I'm now open to any genre of music and will only judge things on a song by song basis, rather than: "I don't like country, so I definitely won't like this song."

Phase 4 (Where I see myself going in the future): Continual musical exploration. It's only really been two years since I really started getting into music, so I don't have a firm handle on all of the things that I like yet. And of course my tastes are bound to change.

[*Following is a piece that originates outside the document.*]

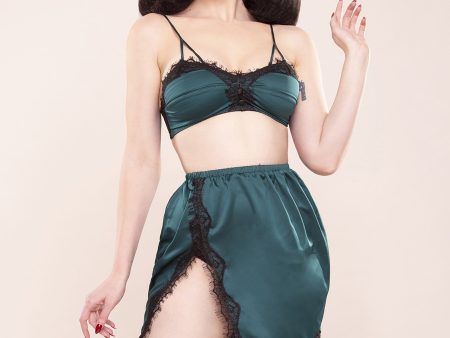 Bettie Page Satin & Lace Bralette & Slip Skirt Cheap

Excellent question by the way.


----------



## Conn1496 (Sep 6, 2012)

1: I only listened to music that other people played really, so I ended up listening to half of my mum's CD collection. XD
2: One or two personal favourites. Nothing else. My favourite band was Gorillaz at the time. Not my favourite now, but certainly in the top 10
3: Rock/Goth music. A majority of people I hung with listened to it, and it pretty much grew on me.
4: Rap. I started to like more rap songs and stuff. Mostly down to my brother blaring it out all the time. You have to get used to it somehow, and I suppose I just grew to like it. 
5: ALL THE MUSIC... Except rave. I like pretty much every genre of music now, but I can't really listen to rave music. It's the only music I don't really like. Even dubstep isn't even that grating. I don't even know why, but it's probably because of the bass track. It's a little too blaring for me to listen to. I get headaches easily. :S


----------



## Percy (Sep 6, 2012)

Phase 1: I'm not quite sure what I liked as a young child. I don't think I was into music much then.
Phase 2: I'd say I mainly listened to whatever was on the radio in my preteen years.
Phase 3: I got into general rock music in my early teens.
Phase 4: I loved classic rock while I was around 15-16, and it was around then where I started to hate mainstream music.
Phase 5: I now am more open to listening to music, such genres like indie rock and alternative rock, as well as house and techno sort of stuff. Though I still hate mainstream music.


----------



## Evan of Phrygia (Sep 6, 2012)

Started out with just whatever, but in a rock/pop orientation. Slowly drifted to punk and hardcore, then actual metal, and jazz was a very mild, very constant undertone, alongside extremely sad ambience. Then some death and black. I then dropped all of it for Silversun Pickups  and developed a hybrid taste for all rock natures. Class and ensembles developed a love for classical, drumcorp, and percussion music. Nowadays it's everything, almost literally. I prefer experimental rock genres (dream pop, post rock, and electro hybrids with heavy ambience influence, stuff of that nature) and SO MUCH CLASSICAL. I've got joy for the fathers of classical, however the Romantic and Modern composers are the people that win me over. I also love noise and tend to enjoy the almost epileptic feeling it gives me.


----------



## Conker (Sep 6, 2012)

I dunno. I mostly listen to the stuff I used to listen to way back when, though now I detest rap music. Dunno how I listened to that, but at one point I did.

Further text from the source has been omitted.